NVIDIA Is Using Machine Learning To Transform 2D Images Into 3D Models
by Paul LillyResearchers at NVIDIA have come up with a clever machine learning technique for taking 2D images and fleshing them out into 3D models. Normally this happens in reverse—these days, it's not all that difficult to take a 3D model and flatten it into a 2D image. But to create a 3D model without feeding a system 3D data is far more challenging.
"In traditional computer graphics, a pipeline renders a 3D model to a 2D screen. But there’s information to be gained from doing the opposite—a model that could infer a 3D object from a 2D image would be able to perform better object tracking, for example.," NVIDIA explains.
What the researchers came up with is a rendering framework called DIB-R, which stands for differentiable interpolation-based renderer. The goal was to design a framework that could accomplish this task while integrating seamlessly with machine learning techniques.
"The result, DIB-R, produces high-fidelity rendering by using an encoder-decoder architecture, a type of neural network that transforms input into a feature map or vector that is used to predict specific information such as shape, color, texture and lighting of an image," NVIDIA says.

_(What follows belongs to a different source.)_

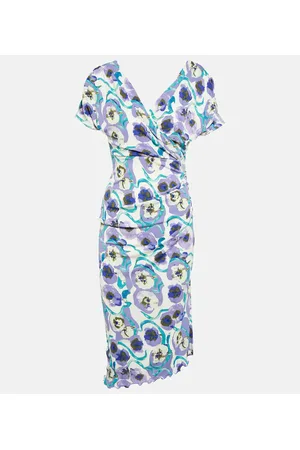 Diane von Furstenberg Vestido midi Havana de jersey estampado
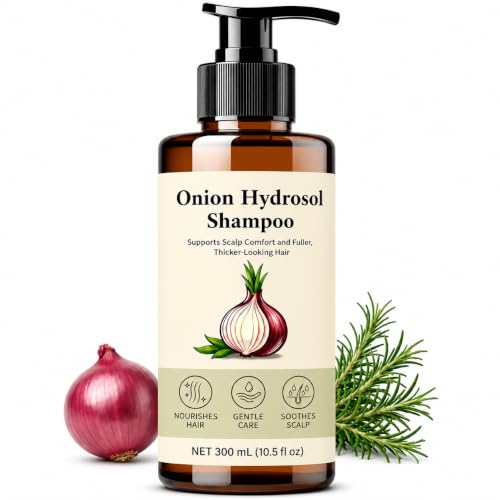 Onion Hydrosol Shampoo for Hair Growth Onion Shampoo Sulfate Free with Rosemary & Biotin for Fuller Thicker-Looking Hair for Women and Men 300 mL (10.5 fl oz)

According to NVIDIA, this type of thing could be especially helpful in robotics. By processing 2D images into 3D models, an autonomous robot would be in a better position to interact with its environment more safely and efficiently, as it could "sense and understand it surroundings" using this technology.
NVIDIA says it takes two days to train this kind of model on a single Tesla V100 Tensor Core GPU, versus several weeks to train the same kind of thing without its GPUs. What that ultimately translates to is being able to produce a 3D object from a 2D image in less than 100 milliseconds.
Researchers at NVIDIA trained their model on a bunch of datasets, including a set collection of bird images. Once trained, a system could look at a 2D image of a bird and a produce a 3D model with the right shape and texture.
"This is essentially the first time ever that you can take just about any 2D image and predict relevant 3D properties," says Jun Gao, one of a team of researchers who collaborated on DIB-R.
Beyond robotics, NVIDIA also sees this as being handy in transforming 2D images of dinosaurs and other extinct animals, into lifelike 3D images in quick fashion (under a second).